== YOUR TASK ==
Reproduce word for word the lines from the beginning of the entries to the line with "Parts Diagram for", both included, but none of the pictures.
---+---
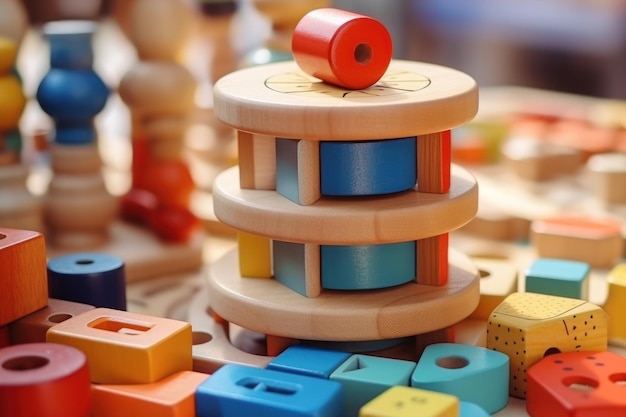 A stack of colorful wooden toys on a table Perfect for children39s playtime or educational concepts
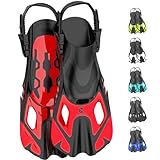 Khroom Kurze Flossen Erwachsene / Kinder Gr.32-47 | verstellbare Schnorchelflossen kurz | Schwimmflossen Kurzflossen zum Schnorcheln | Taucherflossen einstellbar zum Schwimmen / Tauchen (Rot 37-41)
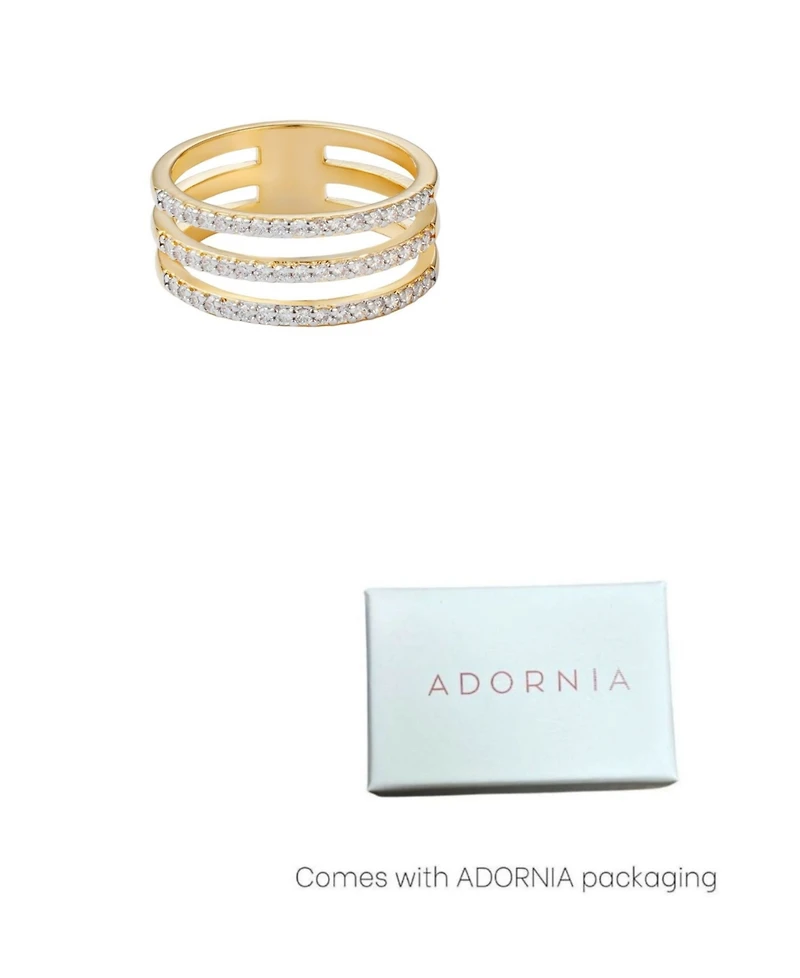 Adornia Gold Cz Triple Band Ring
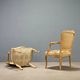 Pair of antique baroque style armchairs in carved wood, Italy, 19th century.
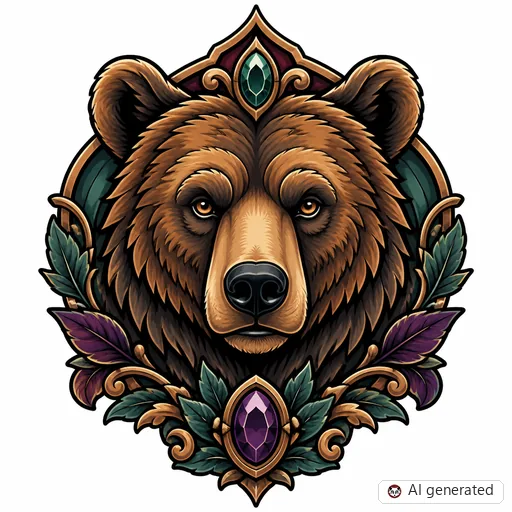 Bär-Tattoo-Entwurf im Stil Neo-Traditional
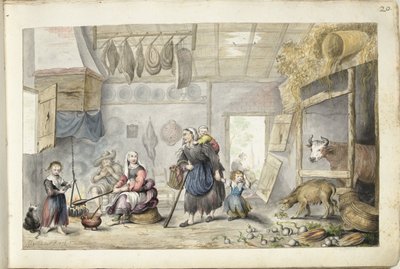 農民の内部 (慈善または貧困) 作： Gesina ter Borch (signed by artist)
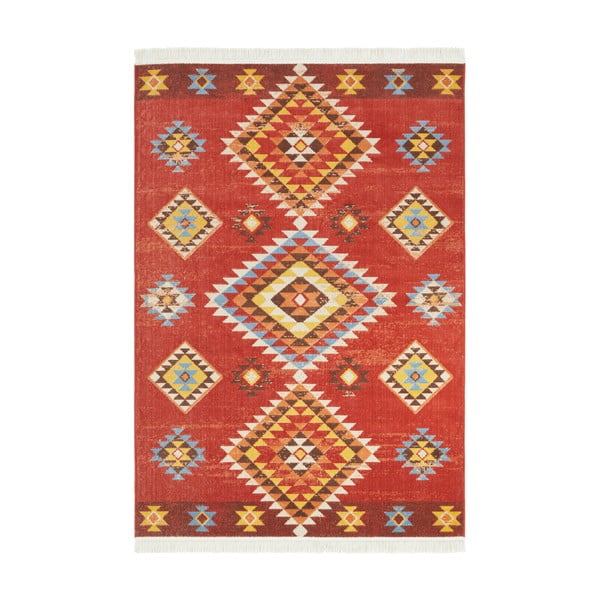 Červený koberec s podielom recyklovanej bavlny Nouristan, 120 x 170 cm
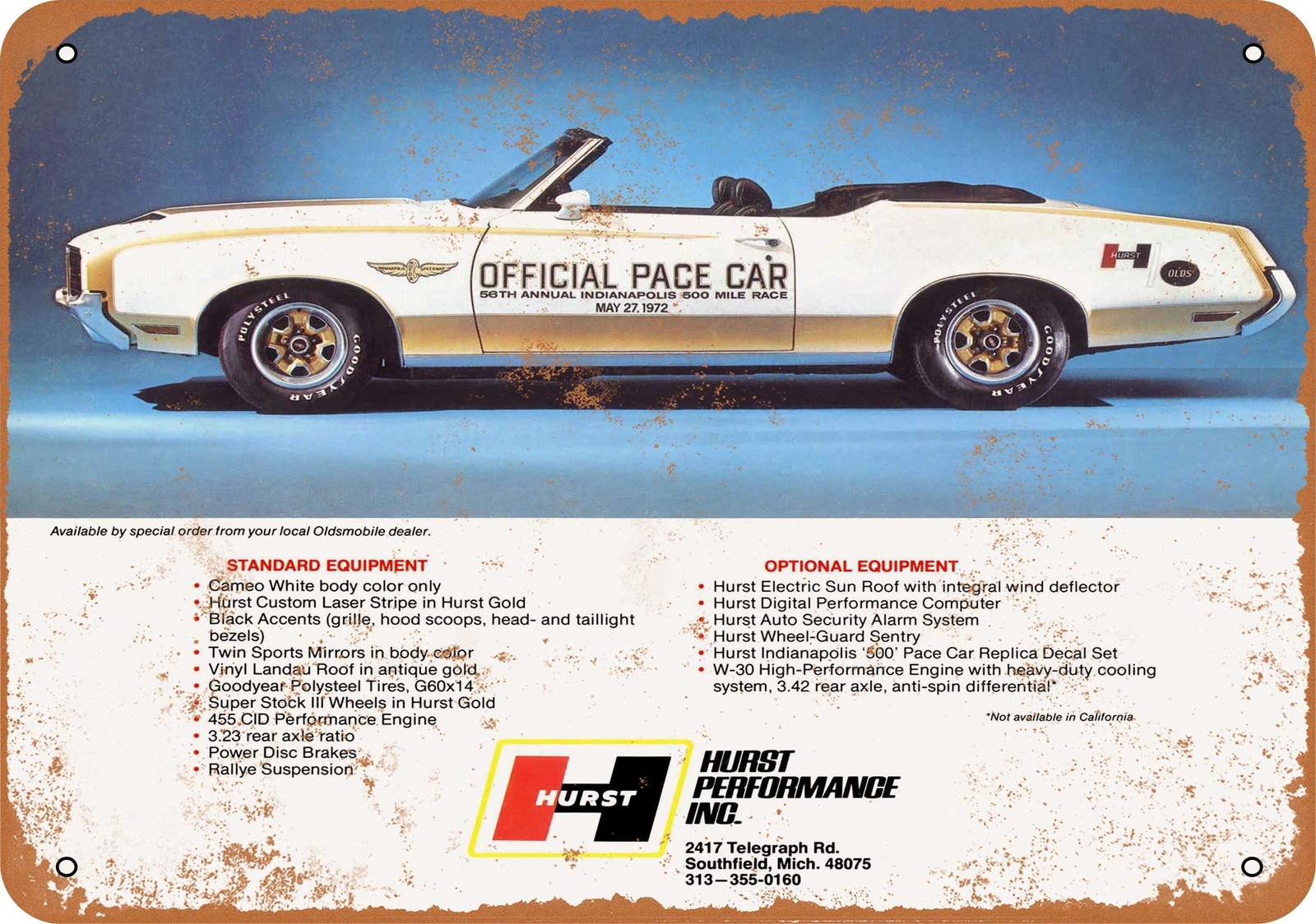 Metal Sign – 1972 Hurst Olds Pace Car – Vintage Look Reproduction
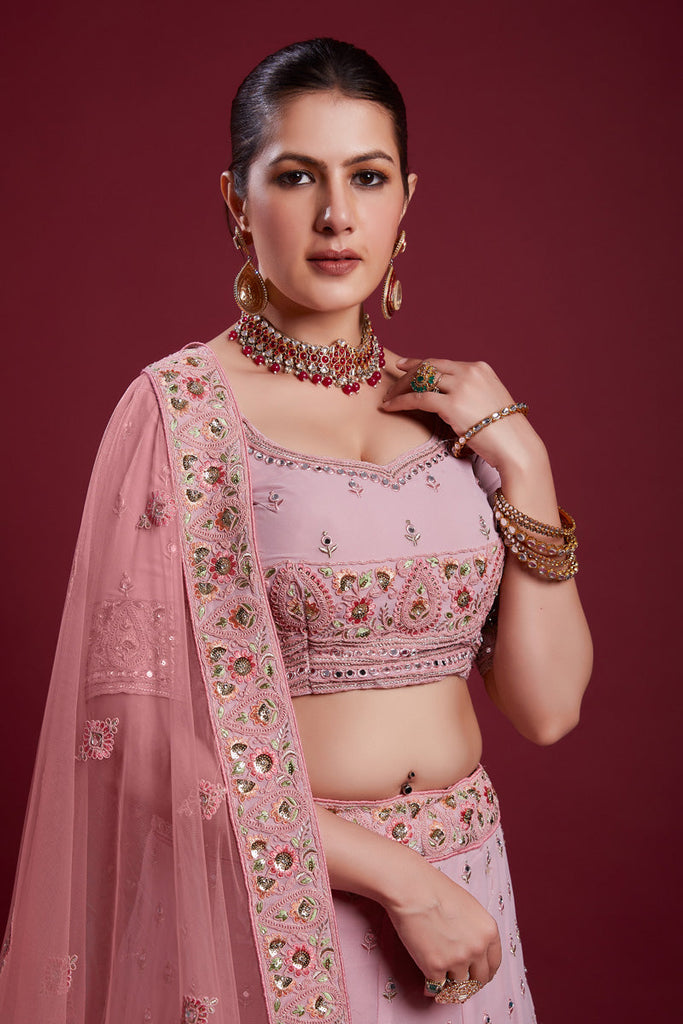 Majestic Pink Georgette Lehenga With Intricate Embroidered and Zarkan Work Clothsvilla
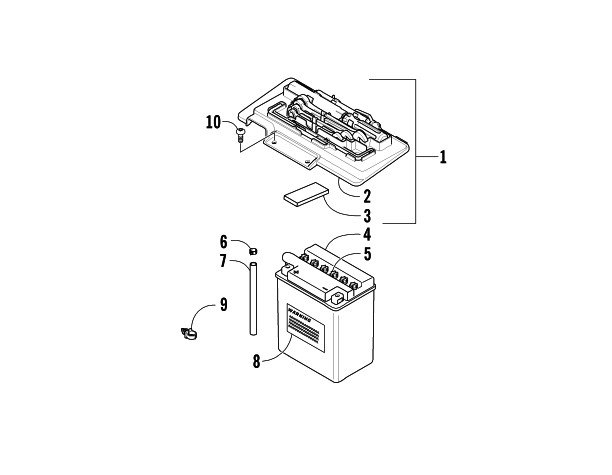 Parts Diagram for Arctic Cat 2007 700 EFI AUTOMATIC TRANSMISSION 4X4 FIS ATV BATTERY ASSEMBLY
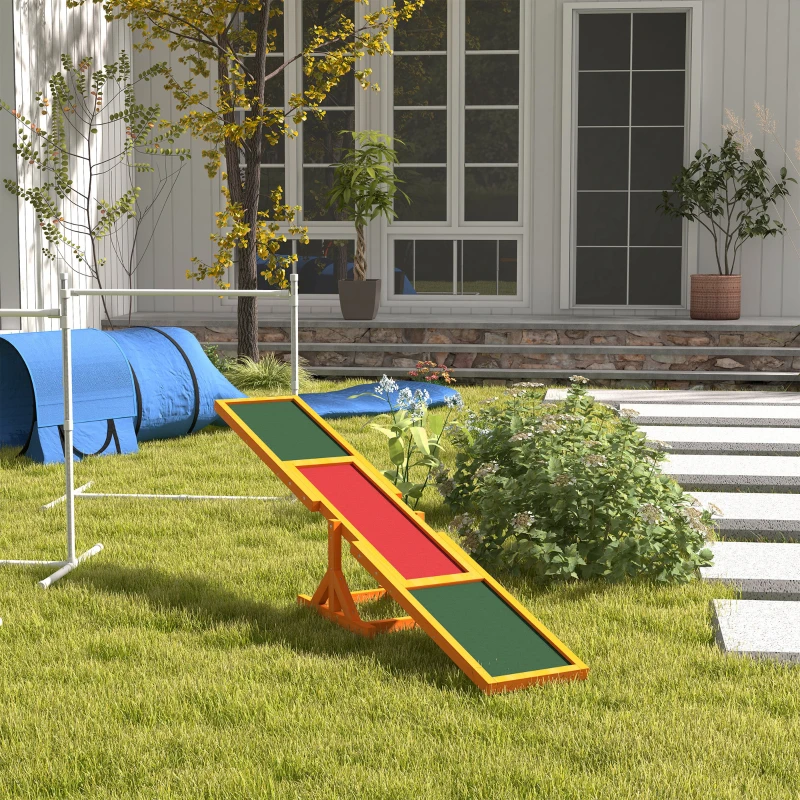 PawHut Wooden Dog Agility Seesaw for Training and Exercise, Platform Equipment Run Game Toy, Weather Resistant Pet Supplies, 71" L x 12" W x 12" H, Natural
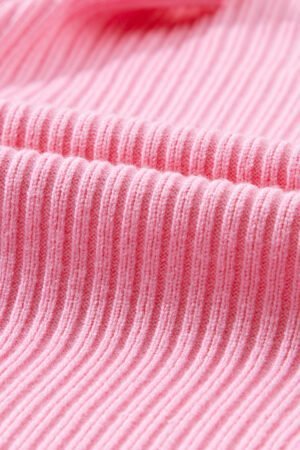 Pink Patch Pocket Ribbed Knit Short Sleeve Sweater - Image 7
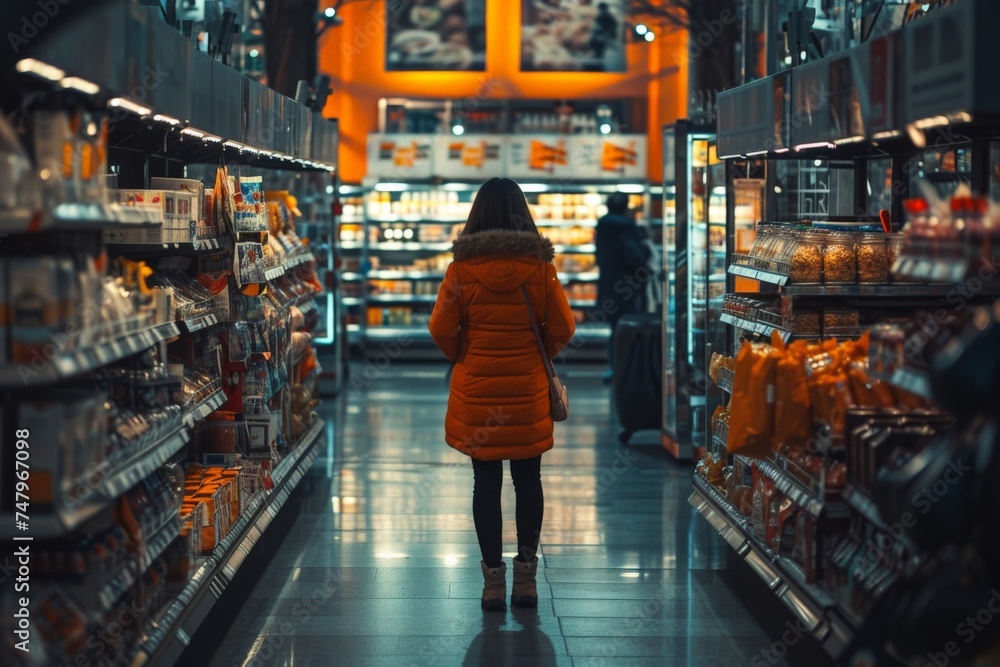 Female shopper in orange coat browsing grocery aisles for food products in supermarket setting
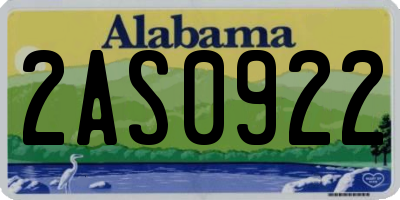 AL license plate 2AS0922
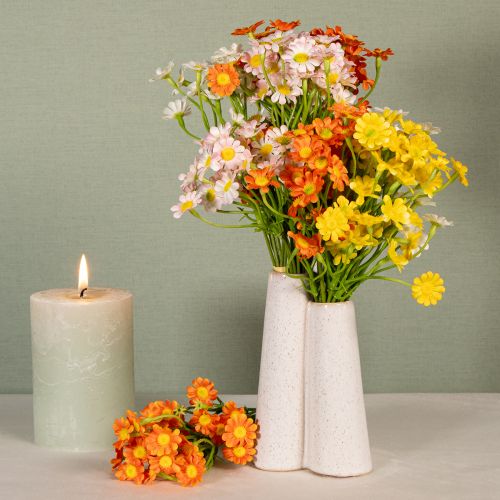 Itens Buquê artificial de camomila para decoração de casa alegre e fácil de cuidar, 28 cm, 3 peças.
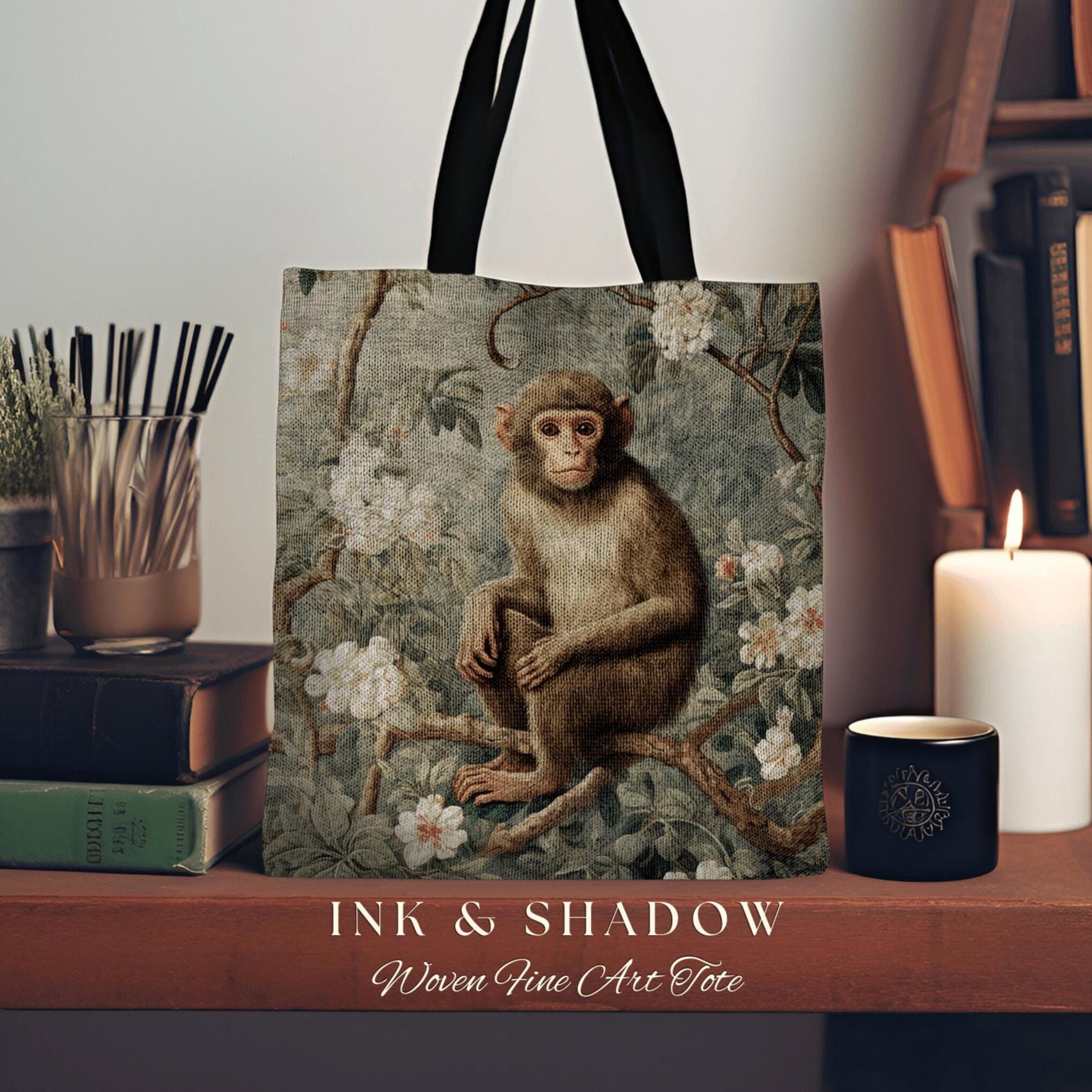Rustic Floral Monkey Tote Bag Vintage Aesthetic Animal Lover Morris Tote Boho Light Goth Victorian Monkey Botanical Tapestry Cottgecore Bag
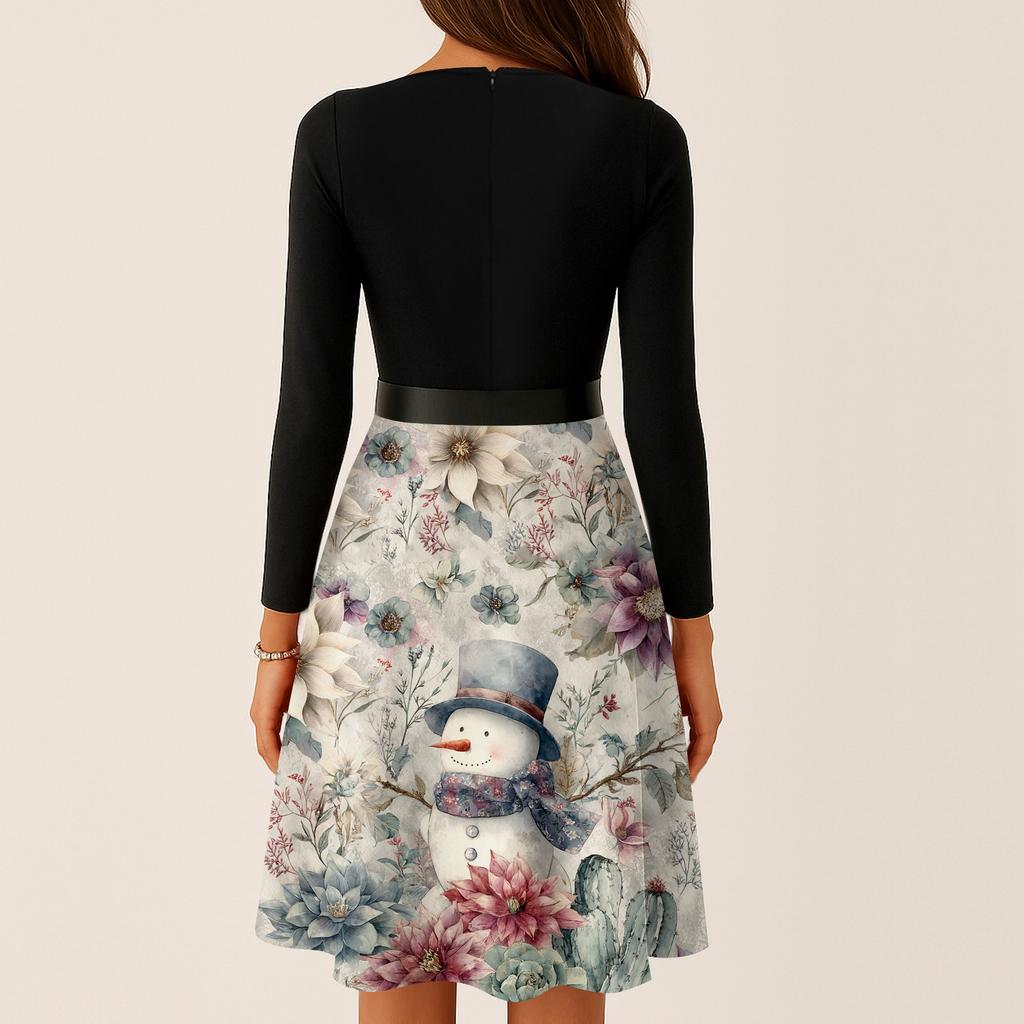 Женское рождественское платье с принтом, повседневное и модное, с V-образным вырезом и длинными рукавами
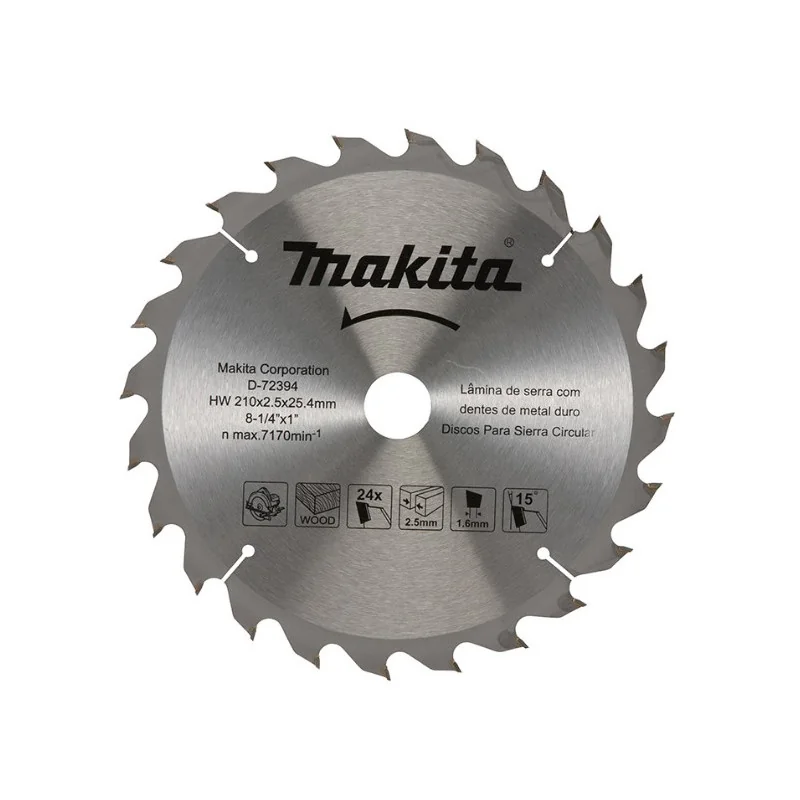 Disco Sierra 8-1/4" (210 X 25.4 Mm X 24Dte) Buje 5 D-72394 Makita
---+---
== RESPONSE TO THIS TASK ==
 A stack of colorful wooden toys on a table Perfect for children39s playtime or educational concepts
 Khroom Kurze Flossen Erwachsene / Kinder Gr.32-47 | verstellbare Schnorchelflossen kurz | Schwimmflossen Kurzflossen zum Schnorcheln | Taucherflossen einstellbar zum Schwimmen / Tauchen (Rot 37-41)
 Adornia Gold Cz Triple Band Ring
 Pair of antique baroque style armchairs in carved wood, Italy, 19th century.
 Bär-Tattoo-Entwurf im Stil Neo-Traditional
 農民の内部 (慈善または貧困) 作： Gesina ter Borch (signed by artist)
 Červený koberec s podielom recyklovanej bavlny Nouristan, 120 x 170 cm
 Metal Sign – 1972 Hurst Olds Pace Car – Vintage Look Reproduction
 Majestic Pink Georgette Lehenga With Intricate Embroidered and Zarkan Work Clothsvilla
 Parts Diagram for Arctic Cat 2007 700 EFI AUTOMATIC TRANSMISSION 4X4 FIS ATV BATTERY ASSEMBLY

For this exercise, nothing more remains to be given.